In one year as an administrator I’ve realized it is easy to limit one’s view of the priesthood to the skin that is taken from us from the outside, to simply react to things that come down the pike, and that to go looking for ways to put skin in the game takes effort, vulnerability, and the breaking of comfortable routines, even if those routines are busy and hectic.

M Night Shymalan’s movie Unbreakable had a pivotal role in my calling to the priesthood.  When the main character in the film realizes he has been given the power to help people, he asks his mentor “What do I do now?”  His mentor responds: “go to where people are…you won’t have to wait very long.”  Isn’t that what Pope Francis is telling us?  Go to the margins…and empower your people to go to the margins as well?

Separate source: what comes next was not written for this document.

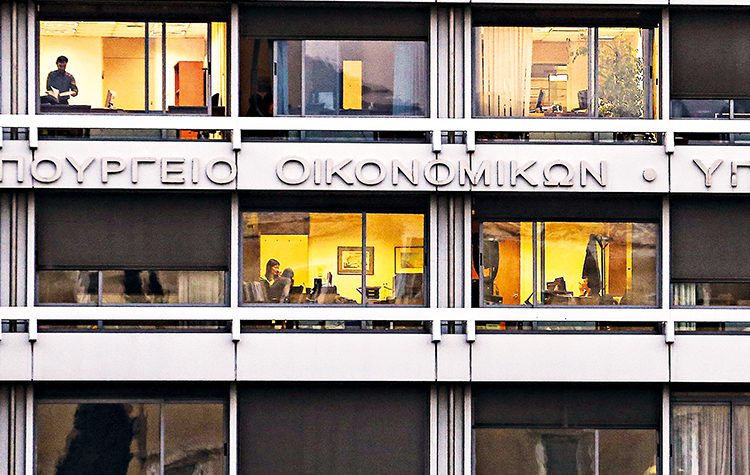 Προϋπολογισμός 2024: Αγκάθια και παροχές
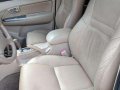 2005 Toyota Fortuner 1st owner Top of the line 4X4-7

I think what Pope Francis was saying is that we can’t be priests who simply define our priesthood by the skin that the game takes from us, that we can’t be grains of wheat that remain on the stalk congratulating ourselves on the buffets and difficulties offered by the wind and the rain.  Rather, I hear the Holy Father saying we must be people who look for ways to put our own skin in the game, voluntarily, so that we might be the grain that falls to the ground and dies and bears much fruit.

I am excited, and again scared, by the prospect of stepping out and asking God to show me when and how and where to put my own skin on the line, intentionally, as His Son did.